Desde o seu surgimento na era medieval, as universidades vêm transformando o seu papel e propósito de acordo com as demandas da sociedade, para além da formação e pesquisa científica (Colus & Carneiro, 2021). O papel das universidades como agente do desenvolvimento socioeconômico tem ganhado importância para a promoção de iniciativas de sustentabilidade e implementação dos Objetivos do Desenvolvimento Sustentável - ODS (Leal Filho et al., 2019).
Recentemente, o tema que tem sido questionado é como as universidades têm respondido à crise climática. Em outras palavras, a questão é se a comunidade acadêmica está disposta a transcender o escopo tradicional do trabalho e abraçar um papel mais ativo na promoção da sustentabilidade, considerando discussões além das fronteiras das salas de aula e a adesão de mudanças práticas e políticas sustentáveis (Capstick et al., 2014).

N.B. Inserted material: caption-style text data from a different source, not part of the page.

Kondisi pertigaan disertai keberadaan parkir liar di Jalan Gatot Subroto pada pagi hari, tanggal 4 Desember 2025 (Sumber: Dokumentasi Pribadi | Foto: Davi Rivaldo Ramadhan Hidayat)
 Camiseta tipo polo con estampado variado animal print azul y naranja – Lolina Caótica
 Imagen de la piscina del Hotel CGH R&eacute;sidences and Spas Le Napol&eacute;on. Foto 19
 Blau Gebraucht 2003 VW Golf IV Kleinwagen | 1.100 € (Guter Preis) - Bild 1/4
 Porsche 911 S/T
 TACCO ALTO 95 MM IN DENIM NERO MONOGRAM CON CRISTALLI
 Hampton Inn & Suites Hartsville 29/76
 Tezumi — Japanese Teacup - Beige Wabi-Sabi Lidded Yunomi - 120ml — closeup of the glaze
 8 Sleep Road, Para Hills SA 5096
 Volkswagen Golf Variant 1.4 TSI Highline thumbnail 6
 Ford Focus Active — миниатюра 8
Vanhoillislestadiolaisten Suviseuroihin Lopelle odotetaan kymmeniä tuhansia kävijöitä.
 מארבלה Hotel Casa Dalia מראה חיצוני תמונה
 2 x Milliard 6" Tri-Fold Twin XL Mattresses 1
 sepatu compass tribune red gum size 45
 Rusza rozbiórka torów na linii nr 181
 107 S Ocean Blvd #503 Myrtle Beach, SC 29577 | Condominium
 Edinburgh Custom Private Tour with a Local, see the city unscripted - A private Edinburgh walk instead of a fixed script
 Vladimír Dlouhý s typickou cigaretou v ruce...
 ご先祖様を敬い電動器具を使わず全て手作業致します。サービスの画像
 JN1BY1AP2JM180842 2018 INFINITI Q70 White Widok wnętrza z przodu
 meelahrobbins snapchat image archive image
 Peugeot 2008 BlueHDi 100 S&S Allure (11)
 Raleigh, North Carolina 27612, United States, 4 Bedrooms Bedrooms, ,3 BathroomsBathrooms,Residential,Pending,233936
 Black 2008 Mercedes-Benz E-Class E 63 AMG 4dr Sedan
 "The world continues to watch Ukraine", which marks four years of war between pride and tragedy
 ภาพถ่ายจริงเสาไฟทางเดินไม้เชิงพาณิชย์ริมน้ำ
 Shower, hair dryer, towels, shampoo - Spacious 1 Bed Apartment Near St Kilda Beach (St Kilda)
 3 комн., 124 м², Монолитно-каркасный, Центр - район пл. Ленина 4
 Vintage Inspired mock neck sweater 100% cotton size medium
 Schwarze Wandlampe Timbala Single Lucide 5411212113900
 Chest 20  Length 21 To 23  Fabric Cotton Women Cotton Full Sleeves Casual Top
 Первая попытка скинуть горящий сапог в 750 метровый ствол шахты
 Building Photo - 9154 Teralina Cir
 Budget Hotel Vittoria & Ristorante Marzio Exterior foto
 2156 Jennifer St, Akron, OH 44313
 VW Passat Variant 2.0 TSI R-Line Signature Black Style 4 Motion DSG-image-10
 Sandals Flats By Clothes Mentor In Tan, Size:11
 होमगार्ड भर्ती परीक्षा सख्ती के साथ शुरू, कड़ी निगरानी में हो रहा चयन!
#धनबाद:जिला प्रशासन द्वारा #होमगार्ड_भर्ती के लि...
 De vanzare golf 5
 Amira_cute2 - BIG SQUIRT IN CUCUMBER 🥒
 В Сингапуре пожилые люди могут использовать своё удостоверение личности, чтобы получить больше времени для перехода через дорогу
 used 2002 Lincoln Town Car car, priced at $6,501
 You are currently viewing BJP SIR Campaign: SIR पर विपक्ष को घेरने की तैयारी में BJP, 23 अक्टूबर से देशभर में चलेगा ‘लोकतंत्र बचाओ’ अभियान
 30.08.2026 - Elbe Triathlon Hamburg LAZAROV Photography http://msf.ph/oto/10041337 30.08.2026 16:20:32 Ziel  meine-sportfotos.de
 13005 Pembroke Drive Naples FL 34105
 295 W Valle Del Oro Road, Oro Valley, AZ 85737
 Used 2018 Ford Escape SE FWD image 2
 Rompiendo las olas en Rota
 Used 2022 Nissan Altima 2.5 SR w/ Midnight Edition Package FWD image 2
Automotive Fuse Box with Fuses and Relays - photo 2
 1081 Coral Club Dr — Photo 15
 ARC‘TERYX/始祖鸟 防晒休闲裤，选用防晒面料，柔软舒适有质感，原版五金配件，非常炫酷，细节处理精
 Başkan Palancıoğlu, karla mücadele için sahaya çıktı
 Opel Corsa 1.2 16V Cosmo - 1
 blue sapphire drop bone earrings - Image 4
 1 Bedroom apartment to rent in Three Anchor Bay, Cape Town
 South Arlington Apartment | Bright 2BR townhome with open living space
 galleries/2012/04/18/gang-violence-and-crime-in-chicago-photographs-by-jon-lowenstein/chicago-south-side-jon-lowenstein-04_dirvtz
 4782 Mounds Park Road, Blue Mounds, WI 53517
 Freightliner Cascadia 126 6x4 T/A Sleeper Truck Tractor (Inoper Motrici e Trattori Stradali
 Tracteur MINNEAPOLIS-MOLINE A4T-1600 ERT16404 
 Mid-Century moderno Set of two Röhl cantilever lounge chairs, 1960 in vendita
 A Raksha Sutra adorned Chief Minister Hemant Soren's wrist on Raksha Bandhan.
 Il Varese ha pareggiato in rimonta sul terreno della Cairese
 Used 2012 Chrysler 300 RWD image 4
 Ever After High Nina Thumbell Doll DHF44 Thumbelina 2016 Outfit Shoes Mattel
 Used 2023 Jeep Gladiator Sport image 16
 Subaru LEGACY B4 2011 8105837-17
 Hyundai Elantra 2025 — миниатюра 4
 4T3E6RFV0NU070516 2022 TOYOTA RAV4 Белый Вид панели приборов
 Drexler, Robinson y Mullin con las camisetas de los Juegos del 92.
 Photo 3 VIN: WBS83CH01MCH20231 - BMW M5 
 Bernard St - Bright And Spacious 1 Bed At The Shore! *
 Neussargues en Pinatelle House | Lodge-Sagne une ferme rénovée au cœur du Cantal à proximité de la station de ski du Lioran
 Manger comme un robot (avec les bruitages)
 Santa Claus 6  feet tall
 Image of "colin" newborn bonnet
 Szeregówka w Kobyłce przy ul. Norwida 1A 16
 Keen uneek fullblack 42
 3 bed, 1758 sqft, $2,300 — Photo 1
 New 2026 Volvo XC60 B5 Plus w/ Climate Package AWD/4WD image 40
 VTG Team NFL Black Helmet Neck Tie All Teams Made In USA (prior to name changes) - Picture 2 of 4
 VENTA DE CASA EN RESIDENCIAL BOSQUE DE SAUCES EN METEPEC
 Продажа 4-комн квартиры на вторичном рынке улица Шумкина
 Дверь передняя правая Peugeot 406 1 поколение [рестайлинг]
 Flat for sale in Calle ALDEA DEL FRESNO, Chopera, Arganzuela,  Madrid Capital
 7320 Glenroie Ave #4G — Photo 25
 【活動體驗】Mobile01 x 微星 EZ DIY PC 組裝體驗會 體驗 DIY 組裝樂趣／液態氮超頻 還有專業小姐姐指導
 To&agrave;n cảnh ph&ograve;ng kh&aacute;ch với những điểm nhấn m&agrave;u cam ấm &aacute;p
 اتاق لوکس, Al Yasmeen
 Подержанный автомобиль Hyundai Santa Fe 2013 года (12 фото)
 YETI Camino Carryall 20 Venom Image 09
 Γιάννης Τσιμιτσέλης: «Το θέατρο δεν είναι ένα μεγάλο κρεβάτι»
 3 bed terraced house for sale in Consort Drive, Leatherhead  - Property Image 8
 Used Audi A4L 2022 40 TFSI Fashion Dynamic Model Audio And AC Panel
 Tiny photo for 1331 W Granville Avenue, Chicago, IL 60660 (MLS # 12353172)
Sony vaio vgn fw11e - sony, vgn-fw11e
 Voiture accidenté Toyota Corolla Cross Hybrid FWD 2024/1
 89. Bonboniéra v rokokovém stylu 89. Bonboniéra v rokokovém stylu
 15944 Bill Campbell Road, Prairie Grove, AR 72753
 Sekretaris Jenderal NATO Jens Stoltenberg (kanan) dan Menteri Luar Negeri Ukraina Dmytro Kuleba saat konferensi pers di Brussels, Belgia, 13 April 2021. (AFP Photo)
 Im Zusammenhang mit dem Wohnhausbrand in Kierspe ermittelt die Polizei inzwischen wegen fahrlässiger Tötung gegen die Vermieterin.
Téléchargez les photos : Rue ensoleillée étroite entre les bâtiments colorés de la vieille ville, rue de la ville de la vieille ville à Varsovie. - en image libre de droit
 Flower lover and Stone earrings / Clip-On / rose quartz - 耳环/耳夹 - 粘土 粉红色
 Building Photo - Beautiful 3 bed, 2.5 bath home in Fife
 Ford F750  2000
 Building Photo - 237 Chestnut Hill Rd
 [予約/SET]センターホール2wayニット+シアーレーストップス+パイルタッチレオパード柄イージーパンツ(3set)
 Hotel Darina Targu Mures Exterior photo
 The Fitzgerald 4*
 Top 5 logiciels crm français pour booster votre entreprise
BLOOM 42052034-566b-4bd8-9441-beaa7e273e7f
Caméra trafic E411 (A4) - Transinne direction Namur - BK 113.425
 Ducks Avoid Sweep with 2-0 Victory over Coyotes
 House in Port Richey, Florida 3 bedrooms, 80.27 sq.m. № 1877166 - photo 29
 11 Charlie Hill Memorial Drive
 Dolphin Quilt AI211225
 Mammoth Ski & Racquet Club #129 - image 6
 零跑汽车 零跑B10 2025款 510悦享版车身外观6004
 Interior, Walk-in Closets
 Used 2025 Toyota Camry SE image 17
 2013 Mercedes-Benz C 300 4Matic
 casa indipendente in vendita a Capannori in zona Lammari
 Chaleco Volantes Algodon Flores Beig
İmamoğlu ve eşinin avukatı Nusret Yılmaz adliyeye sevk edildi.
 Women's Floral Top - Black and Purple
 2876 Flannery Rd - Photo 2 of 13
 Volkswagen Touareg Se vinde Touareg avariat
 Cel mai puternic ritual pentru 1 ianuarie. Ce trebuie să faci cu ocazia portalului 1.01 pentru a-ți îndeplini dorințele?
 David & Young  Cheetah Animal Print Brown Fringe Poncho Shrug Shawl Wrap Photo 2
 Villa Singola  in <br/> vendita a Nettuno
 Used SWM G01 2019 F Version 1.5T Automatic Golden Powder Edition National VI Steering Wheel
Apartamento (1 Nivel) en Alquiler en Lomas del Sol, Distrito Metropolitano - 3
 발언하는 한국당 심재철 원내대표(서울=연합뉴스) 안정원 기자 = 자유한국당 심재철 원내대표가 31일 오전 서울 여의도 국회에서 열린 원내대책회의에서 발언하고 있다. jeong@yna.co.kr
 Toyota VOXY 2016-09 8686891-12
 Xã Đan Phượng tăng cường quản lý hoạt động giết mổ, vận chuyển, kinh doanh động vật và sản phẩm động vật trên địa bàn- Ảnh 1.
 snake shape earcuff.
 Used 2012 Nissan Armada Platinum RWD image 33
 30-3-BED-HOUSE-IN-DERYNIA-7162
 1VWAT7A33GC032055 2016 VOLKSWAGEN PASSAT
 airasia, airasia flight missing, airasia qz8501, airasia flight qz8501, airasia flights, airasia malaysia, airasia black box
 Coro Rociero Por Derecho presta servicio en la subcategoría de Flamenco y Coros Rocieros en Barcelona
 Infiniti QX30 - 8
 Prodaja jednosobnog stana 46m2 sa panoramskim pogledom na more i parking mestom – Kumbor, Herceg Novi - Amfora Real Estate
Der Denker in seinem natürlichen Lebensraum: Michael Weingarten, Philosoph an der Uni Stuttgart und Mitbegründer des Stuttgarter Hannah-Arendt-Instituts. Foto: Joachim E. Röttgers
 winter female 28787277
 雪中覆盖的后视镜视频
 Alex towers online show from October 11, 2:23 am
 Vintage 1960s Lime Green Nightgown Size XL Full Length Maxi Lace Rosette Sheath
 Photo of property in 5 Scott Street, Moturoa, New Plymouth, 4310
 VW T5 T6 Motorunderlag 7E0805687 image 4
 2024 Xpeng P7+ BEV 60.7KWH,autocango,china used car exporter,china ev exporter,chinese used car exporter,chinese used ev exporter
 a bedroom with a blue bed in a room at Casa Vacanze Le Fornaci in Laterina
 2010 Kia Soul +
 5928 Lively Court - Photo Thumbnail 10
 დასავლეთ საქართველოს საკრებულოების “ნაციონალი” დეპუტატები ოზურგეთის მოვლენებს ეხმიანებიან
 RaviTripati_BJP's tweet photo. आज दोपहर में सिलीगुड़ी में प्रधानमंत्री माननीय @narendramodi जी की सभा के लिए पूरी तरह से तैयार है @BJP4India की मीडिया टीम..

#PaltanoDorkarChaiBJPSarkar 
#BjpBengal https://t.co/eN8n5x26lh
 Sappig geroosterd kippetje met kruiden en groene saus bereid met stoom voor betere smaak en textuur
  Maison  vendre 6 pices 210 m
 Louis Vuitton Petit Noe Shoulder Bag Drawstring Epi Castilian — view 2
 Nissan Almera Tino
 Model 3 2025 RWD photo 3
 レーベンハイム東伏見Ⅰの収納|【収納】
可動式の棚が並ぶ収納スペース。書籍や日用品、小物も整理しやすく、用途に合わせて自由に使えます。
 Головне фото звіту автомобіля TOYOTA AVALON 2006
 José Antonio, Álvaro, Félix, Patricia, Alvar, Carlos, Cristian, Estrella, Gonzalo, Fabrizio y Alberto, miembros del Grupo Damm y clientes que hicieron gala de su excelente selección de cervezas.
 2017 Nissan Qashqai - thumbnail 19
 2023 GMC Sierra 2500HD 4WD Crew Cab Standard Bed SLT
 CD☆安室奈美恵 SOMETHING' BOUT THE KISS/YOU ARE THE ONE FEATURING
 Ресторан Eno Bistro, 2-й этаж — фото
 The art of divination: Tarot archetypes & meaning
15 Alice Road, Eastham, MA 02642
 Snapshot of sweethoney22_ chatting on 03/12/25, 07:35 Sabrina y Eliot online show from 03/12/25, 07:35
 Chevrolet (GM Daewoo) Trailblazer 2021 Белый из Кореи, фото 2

Alguns exemplos de ações práticas são o cálculo da pegada de carbono do campus, comprometimentos para redução das emissões de gases de efeito estufa, promoção de capacitações para a comunidade externa e a reformulação do currículo atual para formação do tema climático em todas as áreas do conhecimento (Latter & Capstick, 2021; Leal Filho et al., 2023; Ssekamatte, 2023).
Concomitantemente ao desenvolvimento dos novos papéis das universidades, ao longo dos anos foram surgindo diferentes rankings do ensino superior, como forma de promover o trabalho feito por essas instituições e, dessa forma, elas ganham reputação, atraem talentos e investimentos. O maior exemplo é o “Times Higher Education World University Rankings”, o qual avalia e classifica as instituições de ensino superior com base em critérios, como qualidade de ensino, pesquisa, citações acadêmicas, perspectiva internacional e transferência de conhecimento (Times Higher Education, 2023).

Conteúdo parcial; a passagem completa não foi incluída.